::: Data section

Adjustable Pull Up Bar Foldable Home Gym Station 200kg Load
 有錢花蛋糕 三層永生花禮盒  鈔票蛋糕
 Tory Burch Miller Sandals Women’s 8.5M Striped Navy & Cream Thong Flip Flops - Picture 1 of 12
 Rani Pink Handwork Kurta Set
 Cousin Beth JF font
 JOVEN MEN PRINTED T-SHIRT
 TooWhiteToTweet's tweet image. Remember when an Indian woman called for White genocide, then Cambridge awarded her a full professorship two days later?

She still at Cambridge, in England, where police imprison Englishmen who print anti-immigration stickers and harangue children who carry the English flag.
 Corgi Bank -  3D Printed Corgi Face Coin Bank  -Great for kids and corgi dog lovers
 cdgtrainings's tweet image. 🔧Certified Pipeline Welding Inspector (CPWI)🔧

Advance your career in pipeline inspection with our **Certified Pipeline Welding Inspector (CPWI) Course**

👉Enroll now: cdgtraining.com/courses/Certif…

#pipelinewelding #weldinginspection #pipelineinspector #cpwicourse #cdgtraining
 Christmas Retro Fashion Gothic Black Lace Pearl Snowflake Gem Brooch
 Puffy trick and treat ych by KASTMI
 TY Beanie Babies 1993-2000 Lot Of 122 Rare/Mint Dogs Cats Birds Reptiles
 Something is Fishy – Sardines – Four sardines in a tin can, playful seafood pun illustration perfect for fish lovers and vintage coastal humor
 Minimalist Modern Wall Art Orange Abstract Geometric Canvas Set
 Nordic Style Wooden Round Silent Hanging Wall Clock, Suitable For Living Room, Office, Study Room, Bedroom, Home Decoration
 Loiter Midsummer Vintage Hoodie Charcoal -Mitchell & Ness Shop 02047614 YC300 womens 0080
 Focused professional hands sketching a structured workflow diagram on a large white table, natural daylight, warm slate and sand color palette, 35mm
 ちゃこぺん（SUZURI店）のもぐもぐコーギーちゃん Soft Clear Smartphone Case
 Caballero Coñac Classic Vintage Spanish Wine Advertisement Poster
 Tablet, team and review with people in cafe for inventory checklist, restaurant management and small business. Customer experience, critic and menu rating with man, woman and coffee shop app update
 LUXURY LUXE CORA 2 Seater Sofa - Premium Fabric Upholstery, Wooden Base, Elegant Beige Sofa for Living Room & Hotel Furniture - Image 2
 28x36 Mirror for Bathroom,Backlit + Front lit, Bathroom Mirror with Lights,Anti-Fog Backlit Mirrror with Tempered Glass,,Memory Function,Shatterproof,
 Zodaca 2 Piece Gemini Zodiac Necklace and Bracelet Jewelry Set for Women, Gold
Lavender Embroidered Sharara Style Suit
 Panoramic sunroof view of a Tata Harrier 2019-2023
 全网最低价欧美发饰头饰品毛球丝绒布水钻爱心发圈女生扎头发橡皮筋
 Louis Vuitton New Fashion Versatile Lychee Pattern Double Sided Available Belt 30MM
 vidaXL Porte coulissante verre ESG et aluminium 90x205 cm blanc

::::::

• Your goal: In the entries above, one line contains "Cousin Beth JF font" and another contains "28x36 Mirror for". Reproduce exactly those two lines and the lines between them, nothing else.

• Reply:
 Cousin Beth JF font
 JOVEN MEN PRINTED T-SHIRT
 TooWhiteToTweet's tweet image. Remember when an Indian woman called for White genocide, then Cambridge awarded her a full professorship two days later?

She still at Cambridge, in England, where police imprison Englishmen who print anti-immigration stickers and harangue children who carry the English flag.
 Corgi Bank -  3D Printed Corgi Face Coin Bank  -Great for kids and corgi dog lovers
 cdgtrainings's tweet image. 🔧Certified Pipeline Welding Inspector (CPWI)🔧

Advance your career in pipeline inspection with our **Certified Pipeline Welding Inspector (CPWI) Course**

👉Enroll now: cdgtraining.com/courses/Certif…

#pipelinewelding #weldinginspection #pipelineinspector #cpwicourse #cdgtraining
 Christmas Retro Fashion Gothic Black Lace Pearl Snowflake Gem Brooch
 Puffy trick and treat ych by KASTMI
 TY Beanie Babies 1993-2000 Lot Of 122 Rare/Mint Dogs Cats Birds Reptiles
 Something is Fishy – Sardines – Four sardines in a tin can, playful seafood pun illustration perfect for fish lovers and vintage coastal humor
 Minimalist Modern Wall Art Orange Abstract Geometric Canvas Set
 Nordic Style Wooden Round Silent Hanging Wall Clock, Suitable For Living Room, Office, Study Room, Bedroom, Home Decoration
 Loiter Midsummer Vintage Hoodie Charcoal -Mitchell & Ness Shop 02047614 YC300 womens 0080
 Focused professional hands sketching a structured workflow diagram on a large white table, natural daylight, warm slate and sand color palette, 35mm
 ちゃこぺん（SUZURI店）のもぐもぐコーギーちゃん Soft Clear Smartphone Case
 Caballero Coñac Classic Vintage Spanish Wine Advertisement Poster
 Tablet, team and review with people in cafe for inventory checklist, restaurant management and small business. Customer experience, critic and menu rating with man, woman and coffee shop app update
 LUXURY LUXE CORA 2 Seater Sofa - Premium Fabric Upholstery, Wooden Base, Elegant Beige Sofa for Living Room & Hotel Furniture - Image 2
 28x36 Mirror for Bathroom,Backlit + Front lit, Bathroom Mirror with Lights,Anti-Fog Backlit Mirrror with Tempered Glass,,Memory Function,Shatterproof,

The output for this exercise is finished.